Taiki×明希(シド)インタビュー|憧れの人からの“プレゼント”を携えて新たなステージへ (2/2)

いい曲を書く人は総じて楽器もうまい

──明希さんが今後のTaikiさんに期待されていることはありますか?

明希 いろんなジャンルに挑戦してほしいですね。例えばバンドだったりユニットだったり、いろんな表現があると思うんですよ。同じ楽曲でもアコースティック編成だったり、自分で楽器にチャレンジしてみてもいいし。今後もいい音楽と出会っていってくれたらうれしいですね。

──これからの音楽活動について、Taikiさんはどう考えていますか?

Taiki マオさんや明希さんのような曲を自分も書きたくて。もちろん自分が歌いたいのもありますけど、曲を生みたい気持ちが強いですね。

明希 すでに何曲か作詞作曲をしてるんだよね?

Taiki いや、でも全然まだまだです。

──せっかくの対談ですし、作曲について明希さんに聞いてみたいことはありますか?

Taiki いや、恐れ多いですよ!

明希 そんなことないよ(笑)。

Taiki えっと、以前明希さんはピアノを弾いていたので、ピアノで作曲されるとお伺いしたんですが、今もピアノで曲を作られるんですか?

明希 そのパターンも多いけど、オケから作ることもあれば、鼻歌から作ることもあるね。アドバイスっていうのもアレだけど、作曲に関しては入り口をいっぱい持っているといいと思うよ。例えばピアノだったりギターだったり、いくつか作曲方法の入り口を持っておくとさまざまなタイプの曲が作れる。ギターだったらベースの構造もなんとなくわかってくるし、いろんな楽器に挑戦するのは作曲に生きると思う。

明希

明希

Taiki それこそ曲を書いている中で「なんか違うな」って、あとからメロのリズムとかグルーヴ感を変えることもあるんですか?

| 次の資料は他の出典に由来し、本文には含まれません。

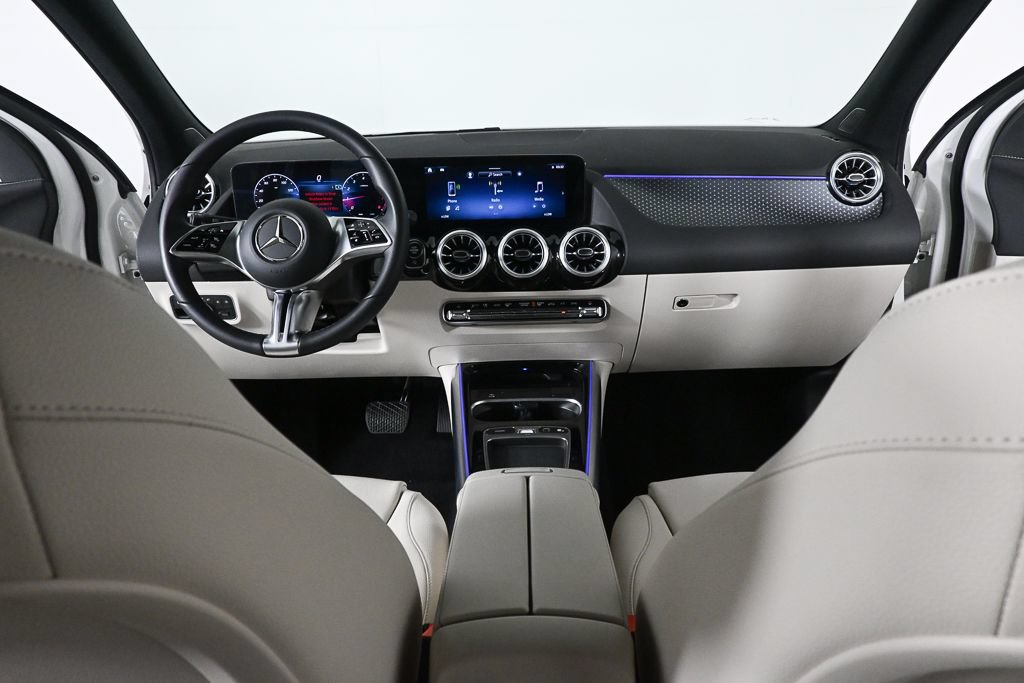 Certified 2026 Mercedes-Benz GLA 250 image 17
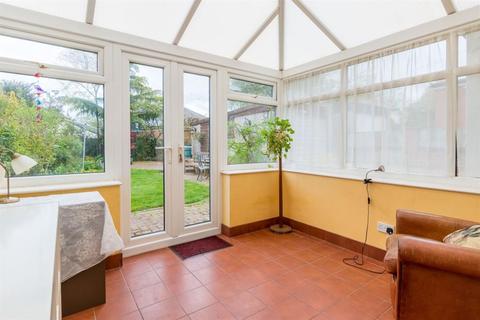 22 Alexandra Road, Horsforth, Leeds, LS18 4HD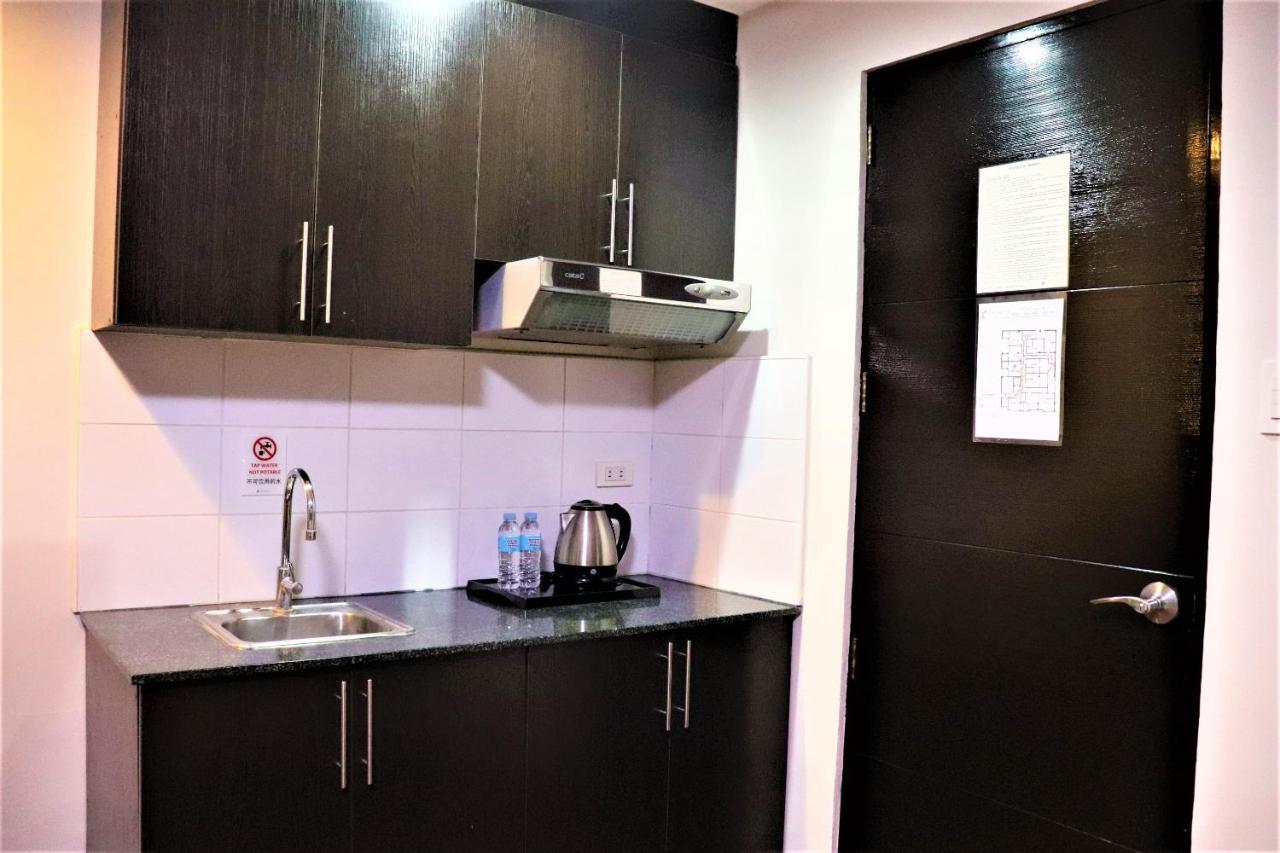 The Studio 18 Residences Manille Extérieur photo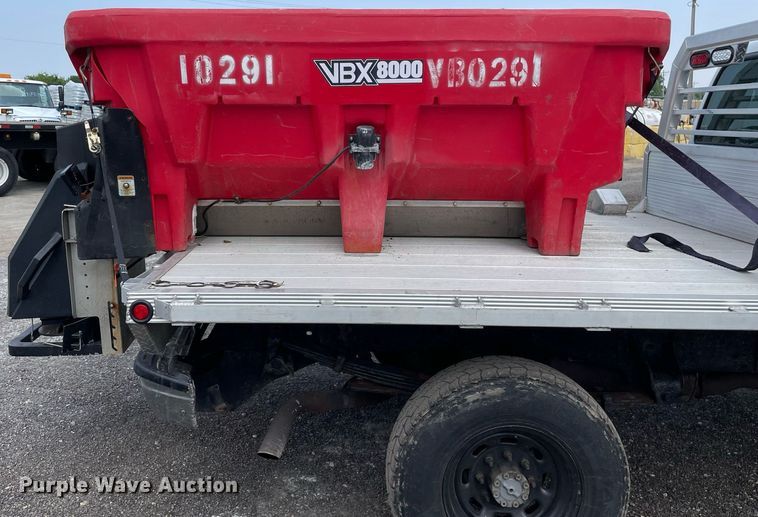 image for item DS8800 2004 Ford F250 Super Duty XLT  flatbed pickup truck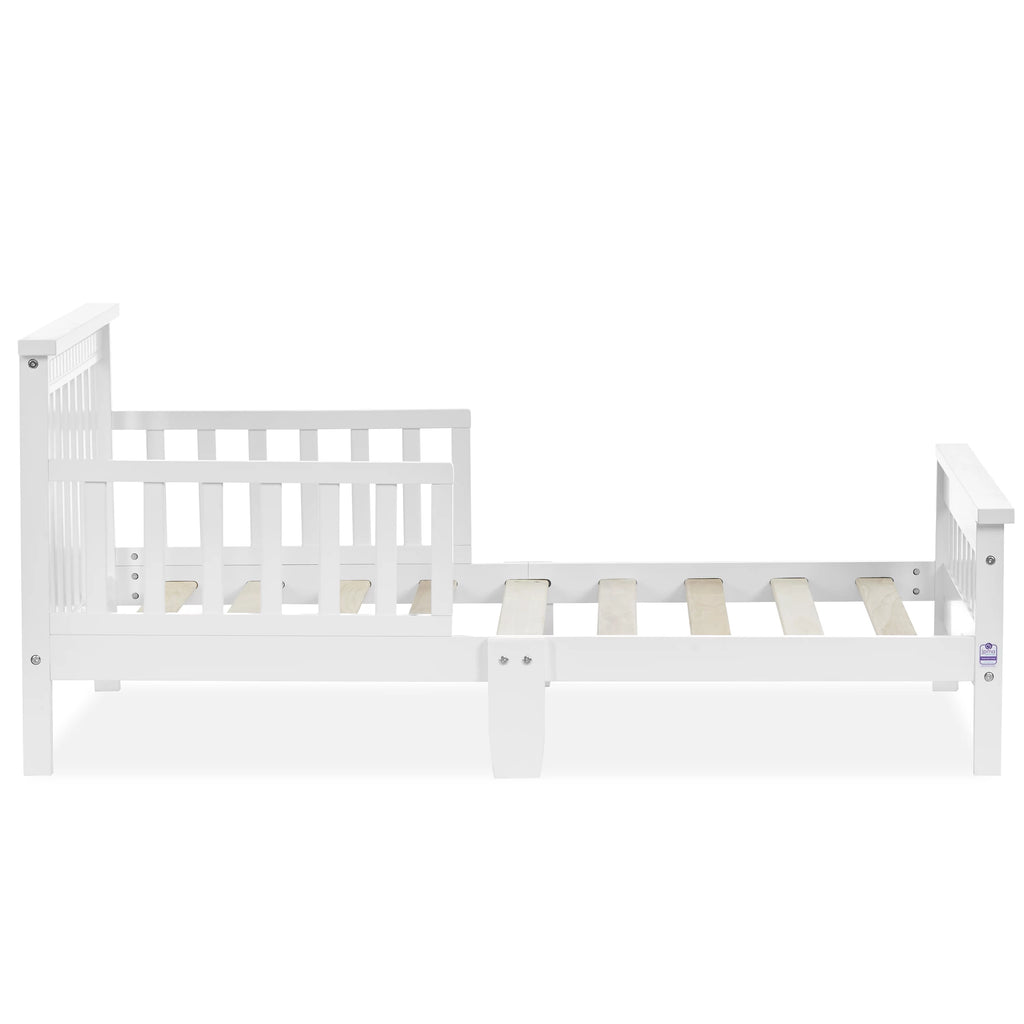 Toddler Bed made with Sustainable Pinewood, White H126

明希 全然あるよ。Aメロ、Bメロ、サビができたとするじゃん? そしたら一度作った構成を壊すんだよね。サビにしていたメロディをあえてAメロにしてみよう、とか。そうすると今度は違ったAメロになって、自ずとBメロもサビも変わっていく。だから一度「これをサビにしよう」と決めても、容赦なくそれを捨てる勇気を持てば、楽曲がどんどんよくなっていく。サビから作ると、AメロとBメロは萎んでいくしかないじゃん。そういう作り方もあるんだけど、それよりも最近はオケとか全体像を見ながら、A、B、サビの順番で作っていく。A、Bという川があって、サビになってバーンと広い海になったときに、それでOKにしないでそのサビを1つ前のBメロにして、また新しいメロディにつなげていく。延々とその繰り返しだね。

Taiki 試行錯誤を繰り返すんですね。

明希 だから、曲を作り直すのは当然だと思って作ってる。「終わりの始まり」もサビが何パターンかあったんだよね。「作っては壊す」とロックミュージシャンはよく口にするじゃん? あれは本当だなと思った。あとは歌や楽器がうまくなると、曲を書く能力も高くなるんだよ。10代の終わりとか20代前半にベースを習っていて。一度「オリジナルを作りました」と言って先生にデモテープを聴いてもらったの。そしたら最初の30秒で停止ボタンを押されて「なんとなくわかった。いい曲を書きたいと思うなら、ベースを練習しろ」と言われて。最初は「なんでがんばったのに聴いてくれないの?」と思ったんだけど、ムカついたから練習したんだよ。そしたら、何年かしてからそのときに言われた言葉の意味がわかった。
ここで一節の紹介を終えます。